症状については《感染すると約10日後に発熱や咳、鼻水といった風邪のような症状が現れます。2~3日熱が続いた後、39℃以上の高熱と発疹が出現します。肺炎、中耳炎を合併しやすく、患者1,000人に1人の割合で脳炎が発症すると言われています。死亡する割合も、先進国であっても1,000人に1人と言われています》というから軽くみてはいけない。
そしてこの麻疹、今後も増加する可能性が指摘されているのだ。いとう王子神谷内科外科クリニック」の伊藤博道院長に話を聞いた。

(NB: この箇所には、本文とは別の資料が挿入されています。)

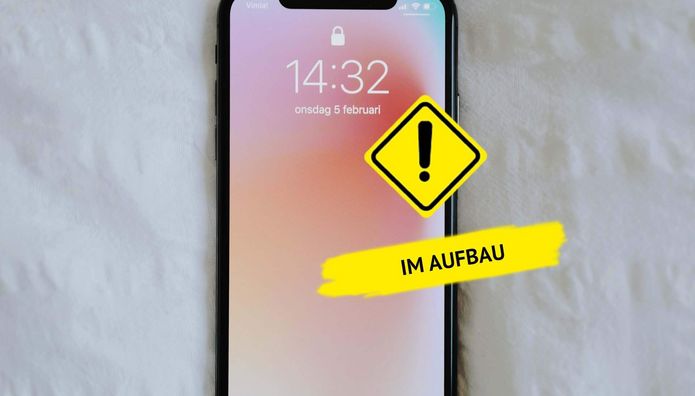 Handy mit farbigem Display auf weißem Hintergrund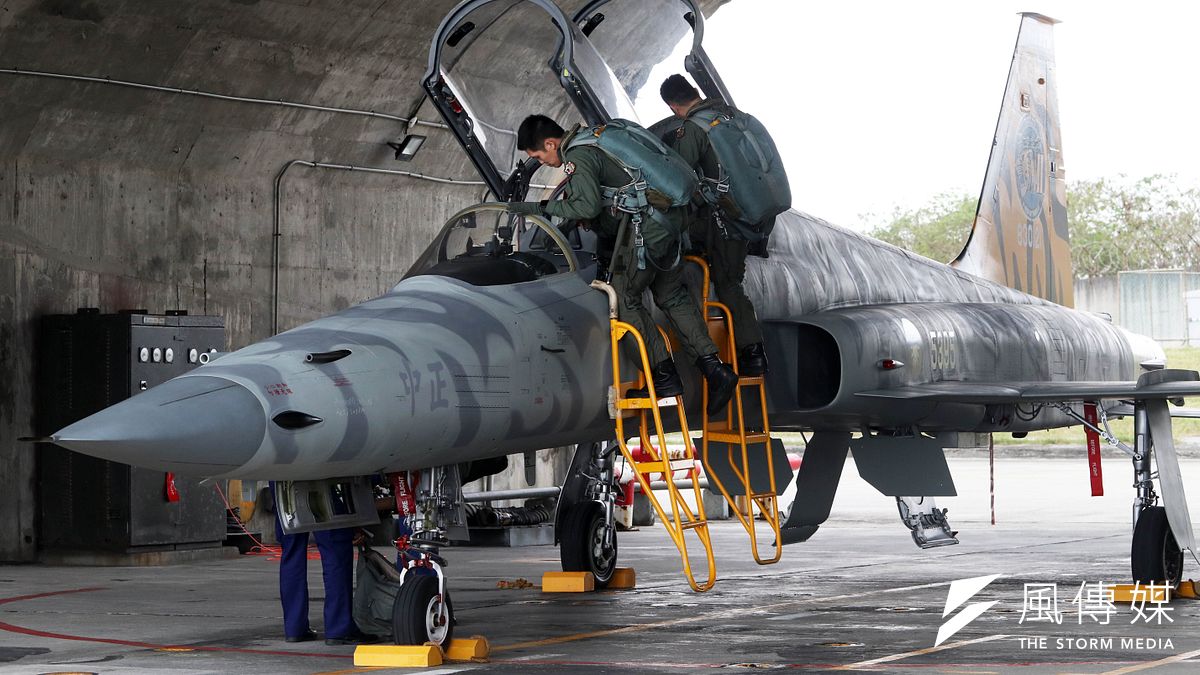 作為空軍戰機飛官養成的重要環節,F-5型機能助學官掌握空戰技巧並累積射擊空用武器經驗,這在勇鷹高教機尚未達到一定數量之際,恐難全面汰除。圖為F-5F(雙座)戰機。(蘇仲泓攝) 作為空軍戰機飛官養成的重要環節,F-5型機能助學官掌握空戰技巧並累積射擊空用武器經驗,這在勇鷹高教機尚未達到一定數量之際,恐難全面汰除。圖為F-5F(雙座)戰機。(蘇仲泓攝)
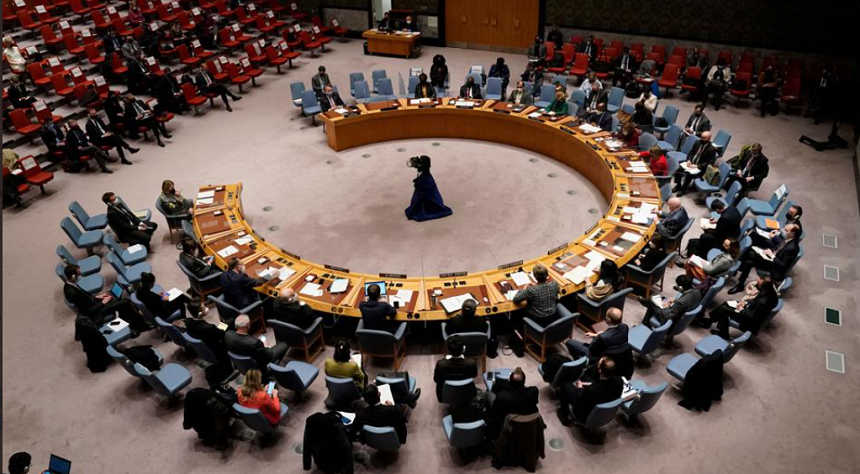 ONU şi majoritatea statelor membre ale Consiliului de Securitate denunţă, într-o reuniune de urgenţă, deciziile Rusiei de recunoaştere a independenţei ”republicilor” din Donbas şi de a ”desfăşura trupe” în estul Ucrainei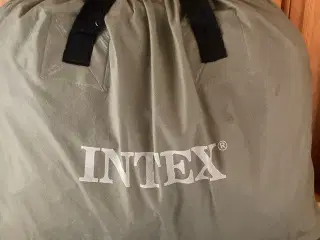 INTEX luftmadras m indbygget pumpe 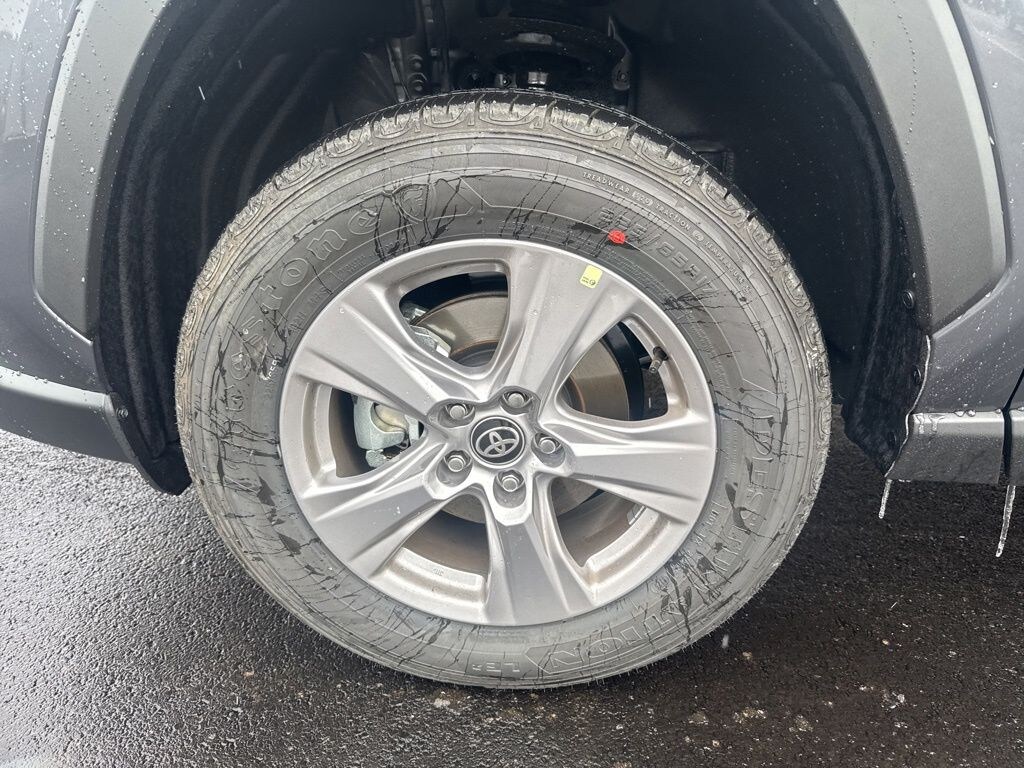 New 2025 Toyota RAV4 XLE SUV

「新型コロナ禍前の2018~2019年、10代・20代を中心に小さな流行がありました。その後、新型コロナの流行で人の移動が減り、感染対策として『3密を避ける』『マスクをつける』『手洗いうがい』などが徹底されたため、麻疹も封じ込められていました。
しかし、発展途上国などでは麻疹が蔓延していたので、新型コロナが5類感染症になり、人の往来が戻るとともに患者も増えてきたのです」
さらに伊藤院長は「この数字は氷山の一角」と指摘する。
「感染初期のおよそ3日間はカゼと見分けがつきませんから、病院で受診することなく外出をしてしまうことがあると思います。しかし、その時期も感染力はとても強いので、すでに何倍もの感染者がいると思われます」
仮にすべての人が免疫を持っていないとして、1人の感染者が何人に感染を広げるかを示す「基本再生産数」は、12~18人とされている。
有効な予防法はワクチン接種だ。過去に2回予防接種を受けていれば大幅に感染リスクは下がるが、国が接種を推奨する「定期接種」となっていたかは世代によって違う。
厚生労働省によると2000年4月2日以降に生まれた人は2回のワクチン接種を受ける機会があったが、それ以前に生まれた人は定期接種としては1回だった。1972年9月30日以前に生まれた50代で、ワクチン未接種でかつ感染していなければ注意が必要だ。